[What to work on]: Go to the line containing "Guldigt halsband med" below; retype it and all following lines exactly, and leave out the pictures.

━━━ Excerpted data

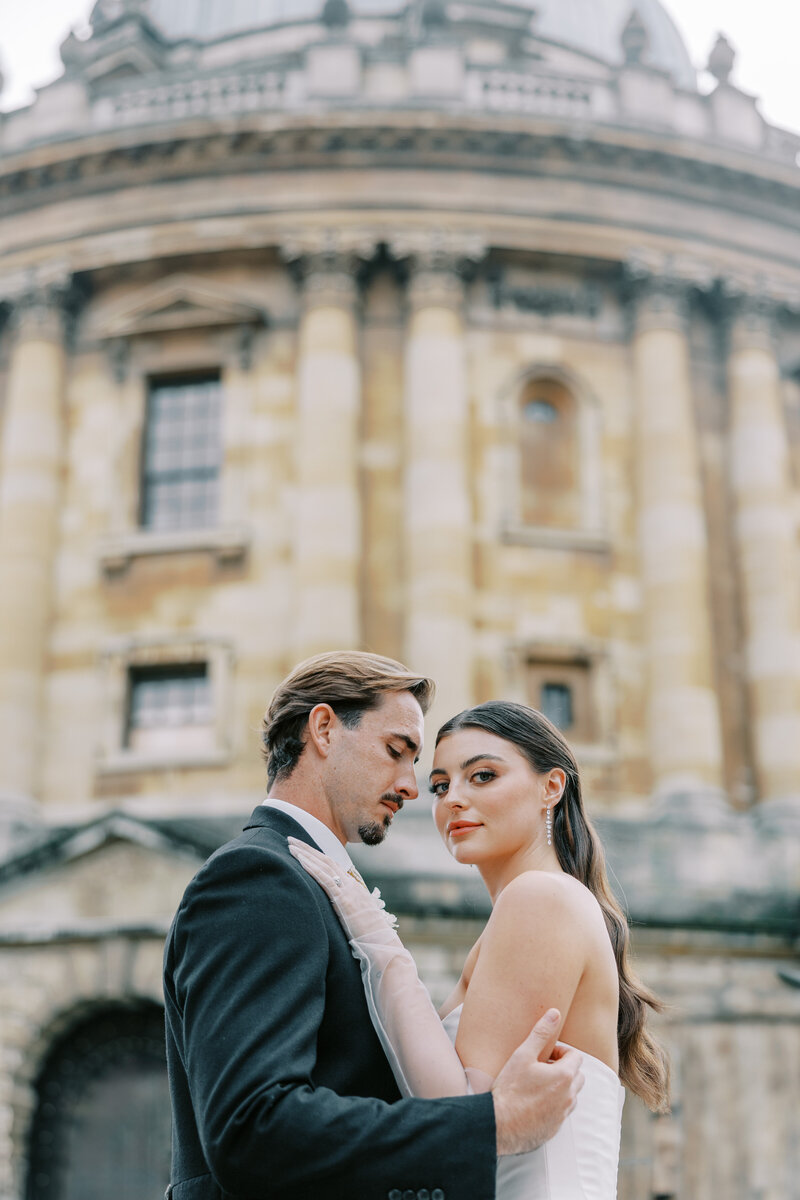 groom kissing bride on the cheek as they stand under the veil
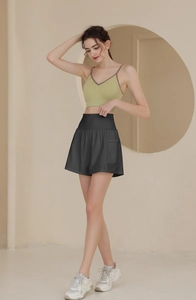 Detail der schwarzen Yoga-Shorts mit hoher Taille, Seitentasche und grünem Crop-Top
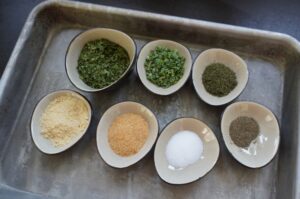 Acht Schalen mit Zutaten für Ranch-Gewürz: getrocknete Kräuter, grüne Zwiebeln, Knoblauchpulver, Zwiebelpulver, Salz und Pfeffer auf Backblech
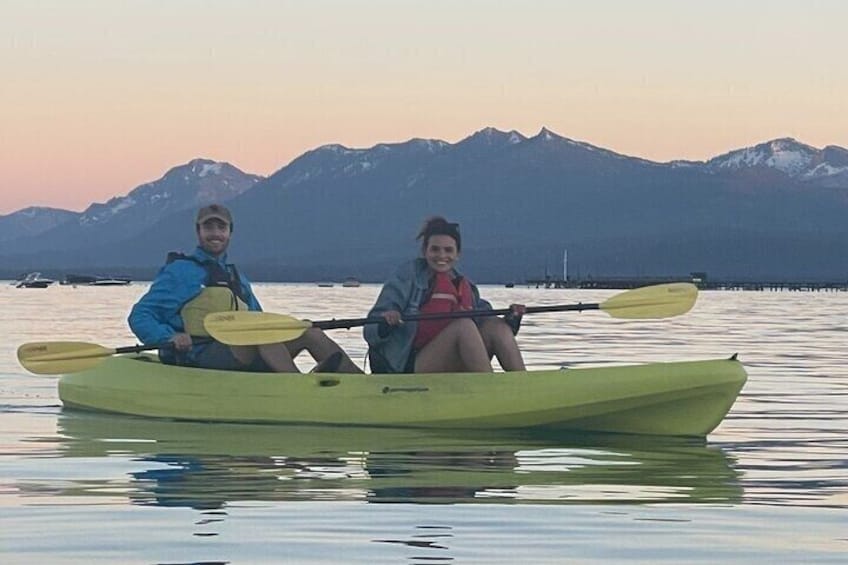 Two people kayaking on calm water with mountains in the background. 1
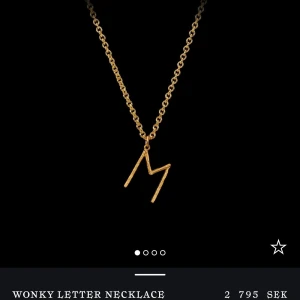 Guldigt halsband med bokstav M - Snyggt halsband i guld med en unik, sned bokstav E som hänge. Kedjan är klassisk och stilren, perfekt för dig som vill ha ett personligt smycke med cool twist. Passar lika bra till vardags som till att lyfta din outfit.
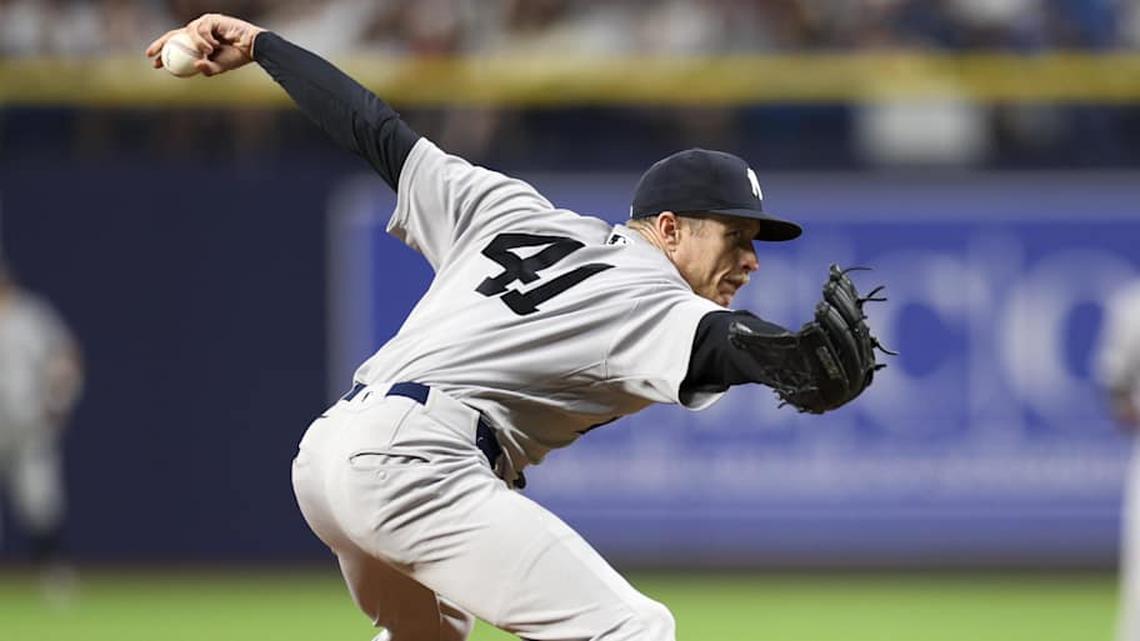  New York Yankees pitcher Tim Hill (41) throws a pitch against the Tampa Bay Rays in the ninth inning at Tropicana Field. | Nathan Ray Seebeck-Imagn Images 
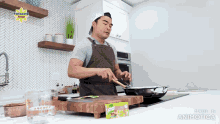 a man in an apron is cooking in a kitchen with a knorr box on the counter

━━━━━━

[Expected output]:
 Guldigt halsband med bokstav M - Snyggt halsband i guld med en unik, sned bokstav E som hänge. Kedjan är klassisk och stilren, perfekt för dig som vill ha ett personligt smycke med cool twist. Passar lika bra till vardags som till att lyfta din outfit.
  New York Yankees pitcher Tim Hill (41) throws a pitch against the Tampa Bay Rays in the ninth inning at Tropicana Field. | Nathan Ray Seebeck-Imagn Images 
 a man in an apron is cooking in a kitchen with a knorr box on the counter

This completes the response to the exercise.